A woman from the Bronx, New York is heading to prison for more than a year after she hauled in $200,000 worth of iPhones.

The elaborate scheme of 39-year old Rosanna Lucrecia Cruel Blanco also had New Jersey ties, which included when she and her conspirators would use fake New Jersey licenses and addresses as part of filing claims, U.S. Attorney Philip R. Sellinger sid.

Blanco and her conspirators began executing their plan to get replacement cell phones from an insurance company and in doing so, would assume alternate identities of actual wireless customers and then file false claims under the company's handset insurance program, citing damage, theft or loss, prosecutors said.

Sellinger said that the scheme ran from December 2017 to January 2020.
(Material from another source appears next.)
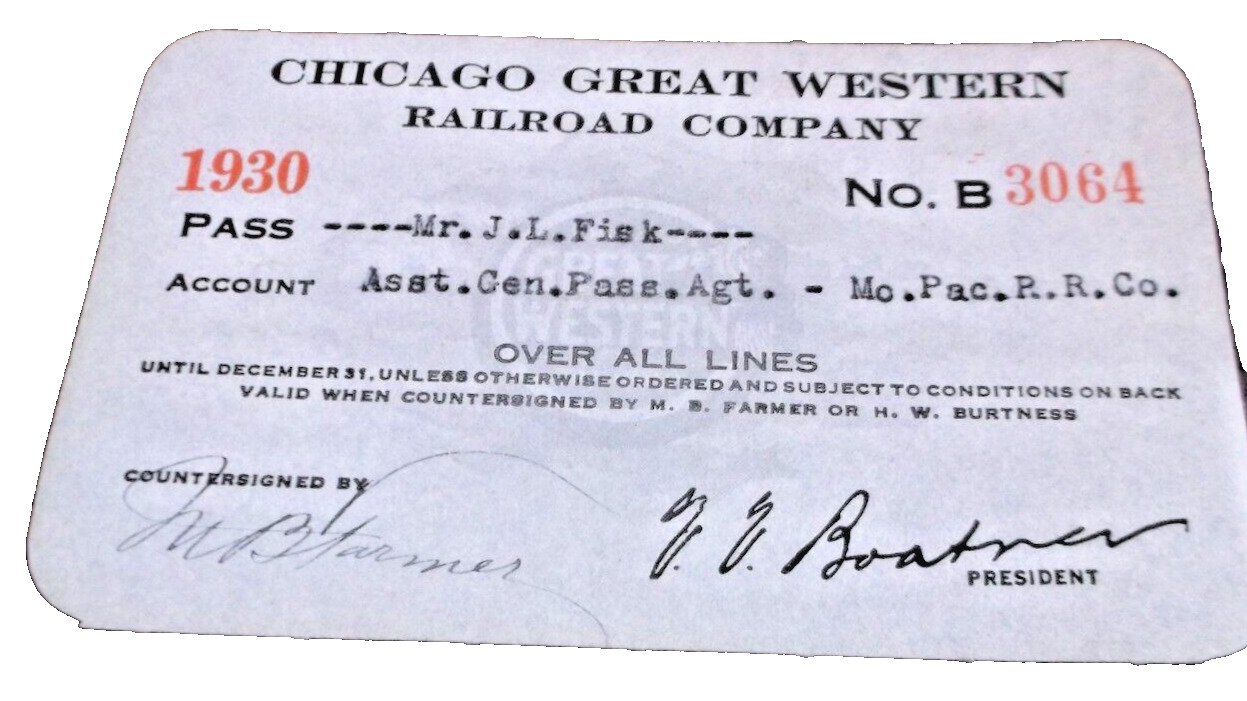 1930 CHICAGO GREAT WESTERN RAILWAY CGW EMPLOYEE PASS #3064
Most of what they stole were iPhones worth about $700 to $1,000 each, according to Sellinger.

As part of their scheme, Blanco and crew also provided the company with fake identification using a phony New York or New Jersey driver’s license that included the name of the actual customer, and then gave the company shipping contact names and addresses where they wanted the iPhones and accessories to go to, which were not the same as the actual person they were pretending to be.

Among the shipping addresses they submitted to the company, most are in New York in the Bronx, Yonkers, White Plains, Manhattan, but also several undisclosed locations in New Jersey.

The company then shipped the replacement cell phones through UPS or FedEx to the names and addresses provided and then Blanco and her conspirators picked them up, prosecutors said.

In addition to her time in prison, Blanco has been sentenced to three years of supervised release and must pay restitution and forfeiture of $246,025.